---------- Dataset extract ----------
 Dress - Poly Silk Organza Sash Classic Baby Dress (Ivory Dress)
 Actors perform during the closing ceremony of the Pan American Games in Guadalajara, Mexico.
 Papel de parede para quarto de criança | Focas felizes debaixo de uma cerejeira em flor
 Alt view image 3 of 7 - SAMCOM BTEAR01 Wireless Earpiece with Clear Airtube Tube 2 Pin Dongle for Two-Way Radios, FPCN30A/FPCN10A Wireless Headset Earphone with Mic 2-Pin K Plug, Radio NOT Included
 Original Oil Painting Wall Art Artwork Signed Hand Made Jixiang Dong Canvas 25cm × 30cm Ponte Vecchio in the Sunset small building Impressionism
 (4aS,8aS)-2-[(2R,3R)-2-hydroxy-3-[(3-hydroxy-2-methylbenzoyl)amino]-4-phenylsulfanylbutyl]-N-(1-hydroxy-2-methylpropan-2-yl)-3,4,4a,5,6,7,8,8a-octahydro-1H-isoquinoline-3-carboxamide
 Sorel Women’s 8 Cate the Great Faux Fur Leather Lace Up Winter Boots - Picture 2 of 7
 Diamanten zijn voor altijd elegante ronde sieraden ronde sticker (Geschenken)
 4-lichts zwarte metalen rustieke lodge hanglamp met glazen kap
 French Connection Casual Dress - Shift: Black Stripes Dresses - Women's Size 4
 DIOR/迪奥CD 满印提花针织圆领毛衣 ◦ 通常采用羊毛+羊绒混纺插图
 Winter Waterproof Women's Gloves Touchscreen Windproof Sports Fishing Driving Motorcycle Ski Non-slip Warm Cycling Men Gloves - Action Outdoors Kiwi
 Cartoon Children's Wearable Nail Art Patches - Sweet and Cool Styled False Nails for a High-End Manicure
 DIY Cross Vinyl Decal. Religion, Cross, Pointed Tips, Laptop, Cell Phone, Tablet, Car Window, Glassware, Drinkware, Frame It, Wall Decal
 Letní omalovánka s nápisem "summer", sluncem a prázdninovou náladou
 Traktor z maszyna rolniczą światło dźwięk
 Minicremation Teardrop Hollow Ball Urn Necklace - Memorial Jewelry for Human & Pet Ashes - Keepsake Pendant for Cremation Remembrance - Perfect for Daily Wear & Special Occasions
----------
* What this task involves: In the listing above, how many lines have the string "Wall" in them? Reply with only the figure.

* Exercise solution: 2